DATA TO EXAMINE
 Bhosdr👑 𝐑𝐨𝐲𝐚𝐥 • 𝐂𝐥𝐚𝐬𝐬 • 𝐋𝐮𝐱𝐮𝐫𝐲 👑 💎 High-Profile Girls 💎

==

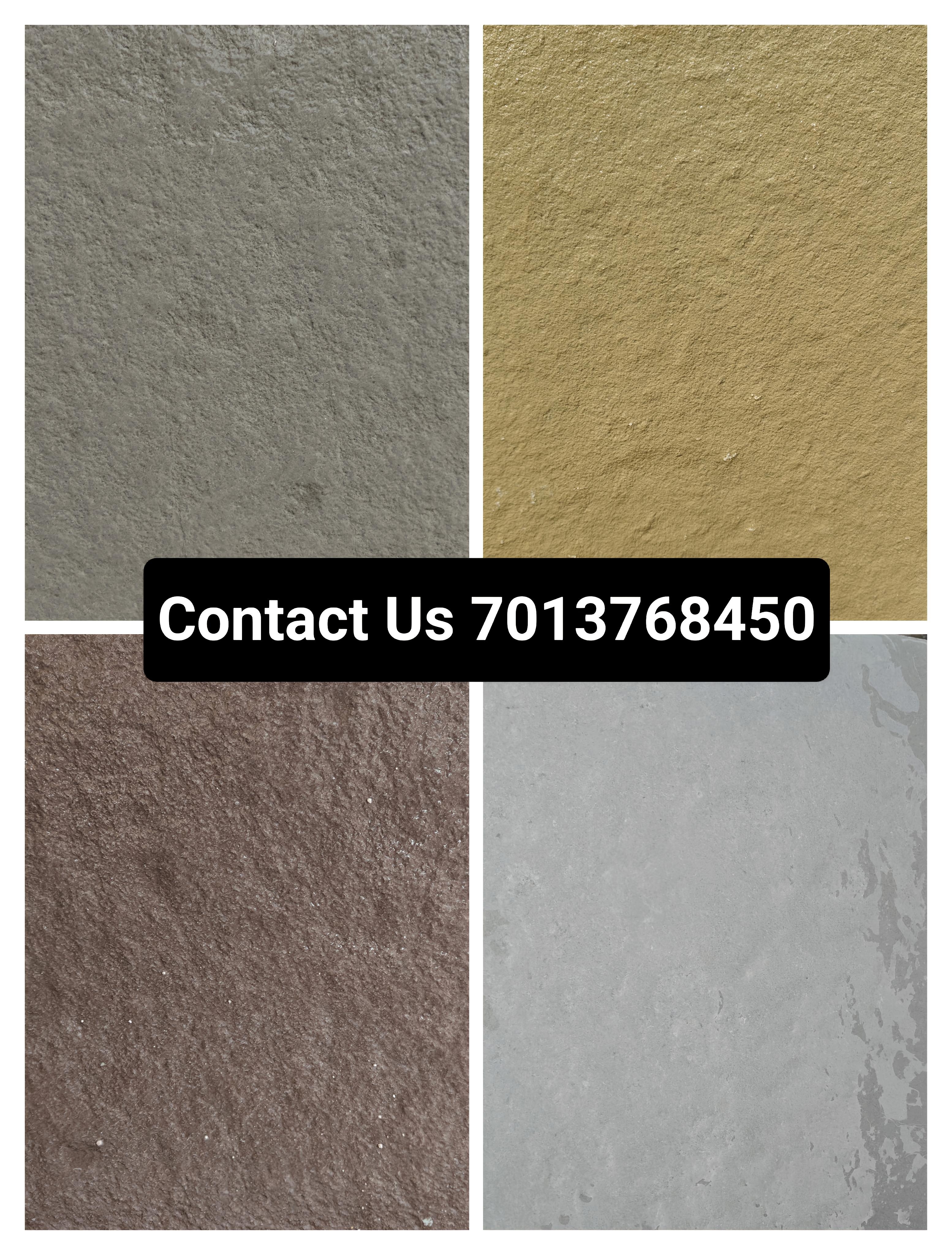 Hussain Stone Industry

...

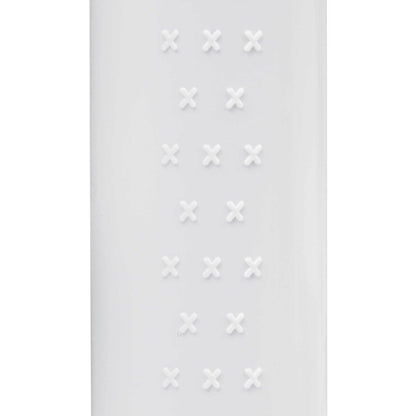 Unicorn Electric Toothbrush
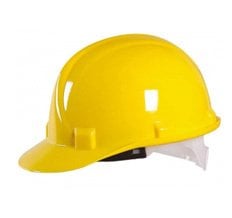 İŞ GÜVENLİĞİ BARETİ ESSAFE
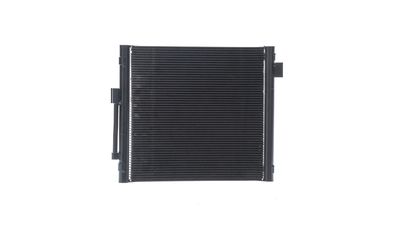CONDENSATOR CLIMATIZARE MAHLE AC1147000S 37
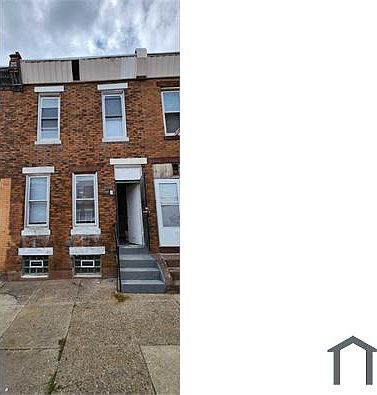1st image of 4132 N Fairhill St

BRIEF
Write out again exactly the lines above from the one with "Unicorn Electric Toothbrush" through the one with "1st image of 4132 N Fairhill St", adding no other lines and no pictures.

COMPLETED EXERCISE
 Unicorn Electric Toothbrush
 İŞ GÜVENLİĞİ BARETİ ESSAFE
CONDENSATOR CLIMATIZARE MAHLE AC1147000S 37
1st image of 4132 N Fairhill St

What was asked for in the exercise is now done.